---- AVAILABLE DATA
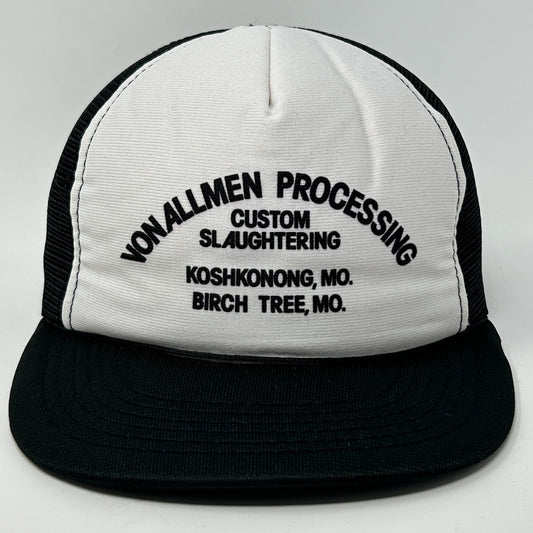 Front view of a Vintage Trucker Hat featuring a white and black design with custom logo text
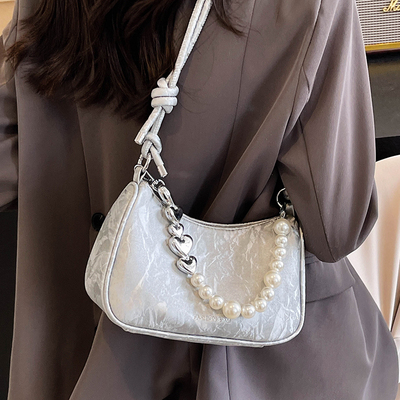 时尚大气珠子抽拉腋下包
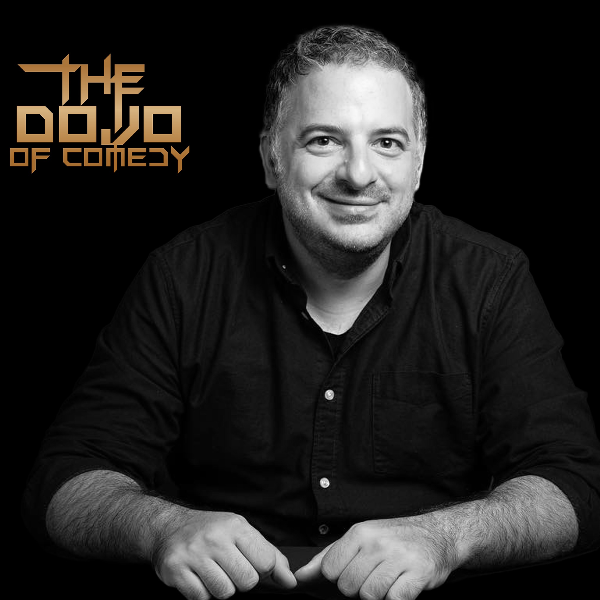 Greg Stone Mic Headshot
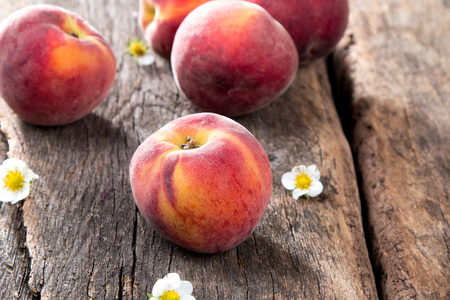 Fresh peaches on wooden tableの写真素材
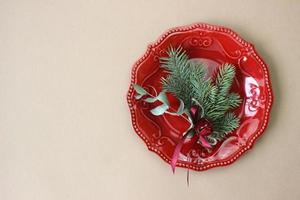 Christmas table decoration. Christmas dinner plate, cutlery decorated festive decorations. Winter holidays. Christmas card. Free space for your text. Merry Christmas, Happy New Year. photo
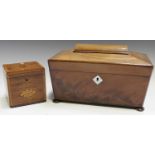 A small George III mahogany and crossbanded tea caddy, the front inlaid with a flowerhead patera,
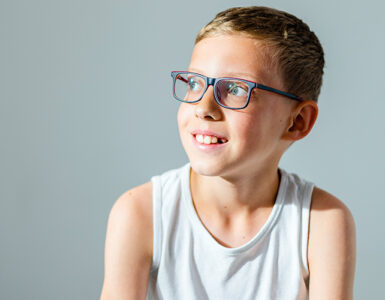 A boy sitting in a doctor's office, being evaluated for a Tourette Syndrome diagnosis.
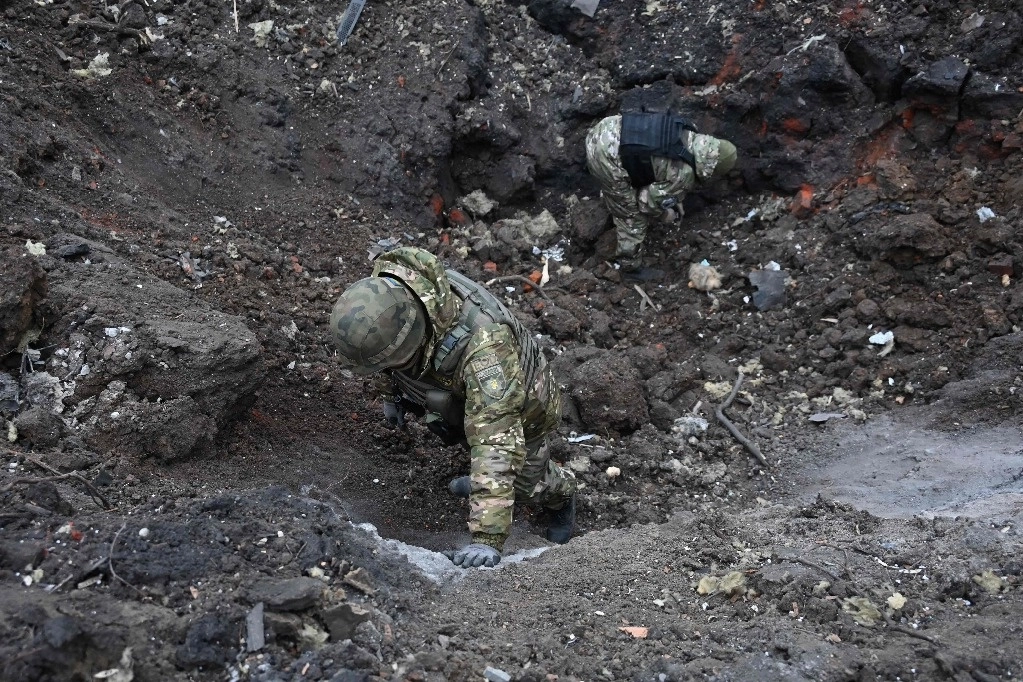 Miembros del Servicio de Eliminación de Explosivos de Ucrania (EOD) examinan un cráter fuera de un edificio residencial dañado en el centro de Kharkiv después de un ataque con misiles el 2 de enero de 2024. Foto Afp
--------
EXERCISE DETAILS: The data should be printed again unchanged; leave its pictures out.

YOUR RESPONSE:
 Front view of a Vintage Trucker Hat featuring a white and black design with custom logo text
 时尚大气珠子抽拉腋下包
 Greg Stone Mic Headshot
 Fresh peaches on wooden tableの写真素材
 Christmas table decoration. Christmas dinner plate, cutlery decorated festive decorations. Winter holidays. Christmas card. Free space for your text. Merry Christmas, Happy New Year. photo
 A small George III mahogany and crossbanded tea caddy, the front inlaid with a flowerhead patera,
 A boy sitting in a doctor's office, being evaluated for a Tourette Syndrome diagnosis.
 Miembros del Servicio de Eliminación de Explosivos de Ucrania (EOD) examinan un cráter fuera de un edificio residencial dañado en el centro de Kharkiv después de un ataque con misiles el 2 de enero de 2024. Foto Afp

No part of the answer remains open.